Down to the last line, reproduce the records exactly.
Segment Start: RECORDS SUPPLIED
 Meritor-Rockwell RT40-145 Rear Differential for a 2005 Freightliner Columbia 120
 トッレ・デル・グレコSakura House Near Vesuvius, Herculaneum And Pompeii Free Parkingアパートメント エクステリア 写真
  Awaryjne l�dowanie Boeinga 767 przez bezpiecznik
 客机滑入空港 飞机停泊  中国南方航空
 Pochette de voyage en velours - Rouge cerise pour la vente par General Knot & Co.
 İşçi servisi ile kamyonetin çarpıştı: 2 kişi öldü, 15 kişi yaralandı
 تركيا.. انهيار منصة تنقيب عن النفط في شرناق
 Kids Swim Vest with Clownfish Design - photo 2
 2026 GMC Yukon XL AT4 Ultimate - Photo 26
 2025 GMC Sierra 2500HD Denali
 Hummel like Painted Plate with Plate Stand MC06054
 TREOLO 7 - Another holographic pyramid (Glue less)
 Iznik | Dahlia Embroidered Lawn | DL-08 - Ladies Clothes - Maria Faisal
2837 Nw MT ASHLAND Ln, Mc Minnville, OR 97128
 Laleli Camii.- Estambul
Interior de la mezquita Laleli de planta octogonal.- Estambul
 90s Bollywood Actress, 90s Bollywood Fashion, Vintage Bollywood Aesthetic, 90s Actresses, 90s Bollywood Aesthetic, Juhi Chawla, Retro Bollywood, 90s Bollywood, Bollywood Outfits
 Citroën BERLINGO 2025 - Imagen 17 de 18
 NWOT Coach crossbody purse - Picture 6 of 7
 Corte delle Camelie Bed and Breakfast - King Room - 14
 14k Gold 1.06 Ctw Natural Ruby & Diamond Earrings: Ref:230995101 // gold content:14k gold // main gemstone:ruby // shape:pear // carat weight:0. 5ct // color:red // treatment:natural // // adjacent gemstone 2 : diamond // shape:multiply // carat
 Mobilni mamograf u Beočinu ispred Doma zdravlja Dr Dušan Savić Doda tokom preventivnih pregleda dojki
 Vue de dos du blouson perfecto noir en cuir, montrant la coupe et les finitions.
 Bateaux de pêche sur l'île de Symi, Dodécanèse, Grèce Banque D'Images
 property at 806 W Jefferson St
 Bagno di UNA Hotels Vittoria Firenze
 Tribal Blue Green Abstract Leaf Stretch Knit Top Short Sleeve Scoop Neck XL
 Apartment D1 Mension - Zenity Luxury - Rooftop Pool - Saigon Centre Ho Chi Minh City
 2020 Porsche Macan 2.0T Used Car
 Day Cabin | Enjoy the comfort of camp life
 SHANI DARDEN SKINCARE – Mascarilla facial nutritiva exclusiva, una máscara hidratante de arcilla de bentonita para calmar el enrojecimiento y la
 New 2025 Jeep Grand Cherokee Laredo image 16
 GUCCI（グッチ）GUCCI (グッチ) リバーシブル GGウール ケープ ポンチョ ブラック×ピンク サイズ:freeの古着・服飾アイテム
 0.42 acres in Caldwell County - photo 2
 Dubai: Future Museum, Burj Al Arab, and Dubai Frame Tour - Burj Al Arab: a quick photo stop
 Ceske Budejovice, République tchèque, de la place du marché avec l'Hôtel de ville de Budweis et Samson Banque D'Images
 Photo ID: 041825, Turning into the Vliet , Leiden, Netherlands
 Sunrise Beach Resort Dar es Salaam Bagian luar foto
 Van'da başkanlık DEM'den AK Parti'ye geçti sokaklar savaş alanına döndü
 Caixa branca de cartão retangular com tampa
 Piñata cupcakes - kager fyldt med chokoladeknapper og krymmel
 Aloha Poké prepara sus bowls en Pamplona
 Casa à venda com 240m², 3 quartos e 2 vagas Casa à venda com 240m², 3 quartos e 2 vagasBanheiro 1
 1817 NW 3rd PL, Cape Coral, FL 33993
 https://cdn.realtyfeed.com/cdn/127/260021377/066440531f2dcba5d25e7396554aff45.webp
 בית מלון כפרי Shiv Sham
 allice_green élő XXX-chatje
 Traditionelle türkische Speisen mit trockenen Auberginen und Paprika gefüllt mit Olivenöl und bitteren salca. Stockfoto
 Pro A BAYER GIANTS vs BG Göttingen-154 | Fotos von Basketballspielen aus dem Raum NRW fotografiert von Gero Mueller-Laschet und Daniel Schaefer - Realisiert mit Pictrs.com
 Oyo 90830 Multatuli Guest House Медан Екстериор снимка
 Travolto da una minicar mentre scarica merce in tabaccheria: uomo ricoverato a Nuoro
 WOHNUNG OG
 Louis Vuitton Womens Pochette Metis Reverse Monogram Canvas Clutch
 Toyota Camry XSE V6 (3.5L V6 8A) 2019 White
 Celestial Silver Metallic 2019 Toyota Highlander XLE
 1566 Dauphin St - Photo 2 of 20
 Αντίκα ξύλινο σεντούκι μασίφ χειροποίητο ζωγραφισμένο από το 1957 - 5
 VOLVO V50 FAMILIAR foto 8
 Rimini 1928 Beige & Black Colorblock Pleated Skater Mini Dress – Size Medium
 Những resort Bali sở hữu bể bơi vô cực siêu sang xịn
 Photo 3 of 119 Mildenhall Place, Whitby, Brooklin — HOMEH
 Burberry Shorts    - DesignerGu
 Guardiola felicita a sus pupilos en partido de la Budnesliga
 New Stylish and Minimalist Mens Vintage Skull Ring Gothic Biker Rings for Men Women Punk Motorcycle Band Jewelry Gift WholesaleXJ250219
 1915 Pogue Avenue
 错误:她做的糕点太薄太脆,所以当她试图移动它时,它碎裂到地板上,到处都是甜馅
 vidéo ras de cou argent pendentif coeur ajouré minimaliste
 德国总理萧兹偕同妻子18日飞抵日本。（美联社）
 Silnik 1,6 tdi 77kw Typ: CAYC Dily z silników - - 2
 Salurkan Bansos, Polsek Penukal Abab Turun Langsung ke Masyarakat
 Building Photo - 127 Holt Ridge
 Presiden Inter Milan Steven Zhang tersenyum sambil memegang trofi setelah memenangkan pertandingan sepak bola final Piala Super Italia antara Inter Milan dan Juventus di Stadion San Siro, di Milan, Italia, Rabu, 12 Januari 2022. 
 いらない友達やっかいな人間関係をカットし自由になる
Segment End: RECORDS SUPPLIED
**ANSWER SECTION:**
 Meritor-Rockwell RT40-145 Rear Differential for a 2005 Freightliner Columbia 120
 トッレ・デル・グレコSakura House Near Vesuvius, Herculaneum And Pompeii Free Parkingアパートメント エクステリア 写真
  Awaryjne l�dowanie Boeinga 767 przez bezpiecznik
 客机滑入空港 飞机停泊  中国南方航空
 Pochette de voyage en velours - Rouge cerise pour la vente par General Knot & Co.
 İşçi servisi ile kamyonetin çarpıştı: 2 kişi öldü, 15 kişi yaralandı
 تركيا.. انهيار منصة تنقيب عن النفط في شرناق
 Kids Swim Vest with Clownfish Design - photo 2
 2026 GMC Yukon XL AT4 Ultimate - Photo 26
 2025 GMC Sierra 2500HD Denali
 Hummel like Painted Plate with Plate Stand MC06054
 TREOLO 7 - Another holographic pyramid (Glue less)
 Iznik | Dahlia Embroidered Lawn | DL-08 - Ladies Clothes - Maria Faisal
2837 Nw MT ASHLAND Ln, Mc Minnville, OR 97128
 Laleli Camii.- Estambul
Interior de la mezquita Laleli de planta octogonal.- Estambul
 90s Bollywood Actress, 90s Bollywood Fashion, Vintage Bollywood Aesthetic, 90s Actresses, 90s Bollywood Aesthetic, Juhi Chawla, Retro Bollywood, 90s Bollywood, Bollywood Outfits
 Citroën BERLINGO 2025 - Imagen 17 de 18
 NWOT Coach crossbody purse - Picture 6 of 7
 Corte delle Camelie Bed and Breakfast - King Room - 14
 14k Gold 1.06 Ctw Natural Ruby & Diamond Earrings: Ref:230995101 // gold content:14k gold // main gemstone:ruby // shape:pear // carat weight:0. 5ct // color:red // treatment:natural // // adjacent gemstone 2 : diamond // shape:multiply // carat
 Mobilni mamograf u Beočinu ispred Doma zdravlja Dr Dušan Savić Doda tokom preventivnih pregleda dojki
 Vue de dos du blouson perfecto noir en cuir, montrant la coupe et les finitions.
 Bateaux de pêche sur l'île de Symi, Dodécanèse, Grèce Banque D'Images
 property at 806 W Jefferson St
 Bagno di UNA Hotels Vittoria Firenze
 Tribal Blue Green Abstract Leaf Stretch Knit Top Short Sleeve Scoop Neck XL
 Apartment D1 Mension - Zenity Luxury - Rooftop Pool - Saigon Centre Ho Chi Minh City
 2020 Porsche Macan 2.0T Used Car
 Day Cabin | Enjoy the comfort of camp life
 SHANI DARDEN SKINCARE – Mascarilla facial nutritiva exclusiva, una máscara hidratante de arcilla de bentonita para calmar el enrojecimiento y la
 New 2025 Jeep Grand Cherokee Laredo image 16
 GUCCI（グッチ）GUCCI (グッチ) リバーシブル GGウール ケープ ポンチョ ブラック×ピンク サイズ:freeの古着・服飾アイテム
 0.42 acres in Caldwell County - photo 2
 Dubai: Future Museum, Burj Al Arab, and Dubai Frame Tour - Burj Al Arab: a quick photo stop
 Ceske Budejovice, République tchèque, de la place du marché avec l'Hôtel de ville de Budweis et Samson Banque D'Images
 Photo ID: 041825, Turning into the Vliet , Leiden, Netherlands
 Sunrise Beach Resort Dar es Salaam Bagian luar foto
 Van'da başkanlık DEM'den AK Parti'ye geçti sokaklar savaş alanına döndü
 Caixa branca de cartão retangular com tampa
 Piñata cupcakes - kager fyldt med chokoladeknapper og krymmel
 Aloha Poké prepara sus bowls en Pamplona
 Casa à venda com 240m², 3 quartos e 2 vagas Casa à venda com 240m², 3 quartos e 2 vagasBanheiro 1
 1817 NW 3rd PL, Cape Coral, FL 33993
 https://cdn.realtyfeed.com/cdn/127/260021377/066440531f2dcba5d25e7396554aff45.webp
 בית מלון כפרי Shiv Sham
 allice_green élő XXX-chatje
 Traditionelle türkische Speisen mit trockenen Auberginen und Paprika gefüllt mit Olivenöl und bitteren salca. Stockfoto
 Pro A BAYER GIANTS vs BG Göttingen-154 | Fotos von Basketballspielen aus dem Raum NRW fotografiert von Gero Mueller-Laschet und Daniel Schaefer - Realisiert mit Pictrs.com
 Oyo 90830 Multatuli Guest House Медан Екстериор снимка
 Travolto da una minicar mentre scarica merce in tabaccheria: uomo ricoverato a Nuoro
 WOHNUNG OG
 Louis Vuitton Womens Pochette Metis Reverse Monogram Canvas Clutch
 Toyota Camry XSE V6 (3.5L V6 8A) 2019 White
 Celestial Silver Metallic 2019 Toyota Highlander XLE
 1566 Dauphin St - Photo 2 of 20
 Αντίκα ξύλινο σεντούκι μασίφ χειροποίητο ζωγραφισμένο από το 1957 - 5
 VOLVO V50 FAMILIAR foto 8
 Rimini 1928 Beige & Black Colorblock Pleated Skater Mini Dress – Size Medium
 Những resort Bali sở hữu bể bơi vô cực siêu sang xịn
 Photo 3 of 119 Mildenhall Place, Whitby, Brooklin — HOMEH
 Burberry Shorts    - DesignerGu
 Guardiola felicita a sus pupilos en partido de la Budnesliga
 New Stylish and Minimalist Mens Vintage Skull Ring Gothic Biker Rings for Men Women Punk Motorcycle Band Jewelry Gift WholesaleXJ250219
 1915 Pogue Avenue
 错误:她做的糕点太薄太脆,所以当她试图移动它时,它碎裂到地板上,到处都是甜馅
 vidéo ras de cou argent pendentif coeur ajouré minimaliste
 德国总理萧兹偕同妻子18日飞抵日本。（美联社）
 Silnik 1,6 tdi 77kw Typ: CAYC Dily z silników - - 2
 Salurkan Bansos, Polsek Penukal Abab Turun Langsung ke Masyarakat
 Building Photo - 127 Holt Ridge
 Presiden Inter Milan Steven Zhang tersenyum sambil memegang trofi setelah memenangkan pertandingan sepak bola final Piala Super Italia antara Inter Milan dan Juventus di Stadion San Siro, di Milan, Italia, Rabu, 12 Januari 2022. 
 いらない友達やっかいな人間関係をカットし自由になる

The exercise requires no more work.